Konon katanya, perempuan itu makhluk lemah. Jadi sebaiknya berada di rumah (terlepas dari urusan Corona saat ini). Makanya, meskipun berulang kali dibahas, tak ada habisnya soal perempuan mencari nafkah.
Aku sendiri pernah mengalami keduanya. Bekerja di luar, menganggur di rumah, dan bekerja dari rumah. Eh tiga ya.
Secara umum tidak ada yang salah dari ketiganya. Yang bikin salah itu sikap kita yang sering lebay terhadap diri sendiri dan orang lain.
Menjadi wanita karir
Tujuh tahun nguli di lembaga milik orang lain, banyak ilmu yang kudapat. Sebelumnya aku hanya bekerja sekian bulan, maksimal setahun. Sebagai kasir bakery, guru komputer, sampai desainer grafis.
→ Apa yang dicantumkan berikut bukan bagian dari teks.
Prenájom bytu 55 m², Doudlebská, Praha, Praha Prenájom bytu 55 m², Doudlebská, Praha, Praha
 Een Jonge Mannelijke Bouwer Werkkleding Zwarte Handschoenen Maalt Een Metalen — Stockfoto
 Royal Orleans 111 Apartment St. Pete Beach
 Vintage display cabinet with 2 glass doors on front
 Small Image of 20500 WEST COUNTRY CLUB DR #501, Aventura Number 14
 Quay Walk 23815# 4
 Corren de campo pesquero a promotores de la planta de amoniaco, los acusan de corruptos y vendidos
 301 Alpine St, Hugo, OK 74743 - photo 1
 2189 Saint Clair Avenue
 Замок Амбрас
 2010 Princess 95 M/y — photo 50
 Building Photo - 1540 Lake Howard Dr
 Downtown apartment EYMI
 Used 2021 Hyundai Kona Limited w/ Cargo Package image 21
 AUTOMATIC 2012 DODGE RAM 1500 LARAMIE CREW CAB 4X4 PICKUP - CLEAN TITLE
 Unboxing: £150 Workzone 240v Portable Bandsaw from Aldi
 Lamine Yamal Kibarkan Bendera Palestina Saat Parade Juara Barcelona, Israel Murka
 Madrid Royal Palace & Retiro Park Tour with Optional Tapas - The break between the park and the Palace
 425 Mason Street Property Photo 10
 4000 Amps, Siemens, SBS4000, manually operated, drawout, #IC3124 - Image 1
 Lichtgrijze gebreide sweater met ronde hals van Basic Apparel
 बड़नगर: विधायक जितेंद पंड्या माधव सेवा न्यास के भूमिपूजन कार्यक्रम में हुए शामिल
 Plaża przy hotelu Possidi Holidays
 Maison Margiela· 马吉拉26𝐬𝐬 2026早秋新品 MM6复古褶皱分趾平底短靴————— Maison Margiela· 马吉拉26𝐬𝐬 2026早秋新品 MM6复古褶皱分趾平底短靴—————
Yang 7 tahun terakhir itu dekat dengan dunia parenting dan soal duit. Bersyukur aku sempat berurusan dengan anak kecil sehingga tahu bagaimana sebaiknya bersikap pada mereka. Meski tidak selalu ingat dan dipraktikkan.
Ini saja sudah punya ilmunya, gimana kalau belum sama sekali? Mungkin anakku protes pada Allah karena dilahirkan dari orangtua sepertiku. Huhu.
Tadinya gak kepikiran ke orang sih. Tapi nyatanya awal-awal aku resign, gak sedikit yang tanya ke mbahnya anak-anak, "Si Tari dak kerja lagi?"
Sebagian senang kali ya, lihat pengangguran di kampung nambah. Padahal waktu kerja di luar, pengeluaranku ternyata besar. Ketahuannya ya setelah gak kerja lagi, ternyata lebih hemat. Faktor gajikah? Entahlah.
Karena tempat kerja yang jauh, sampai di rumah rasanya cuapek banget. Di saat emak-emak lain sudah enak nonton sambil selonjor, aku masih harus beres-beres rumah. Kalaupun kudahulukan istirahat, tetap saja nantinya masih harus beres-beres.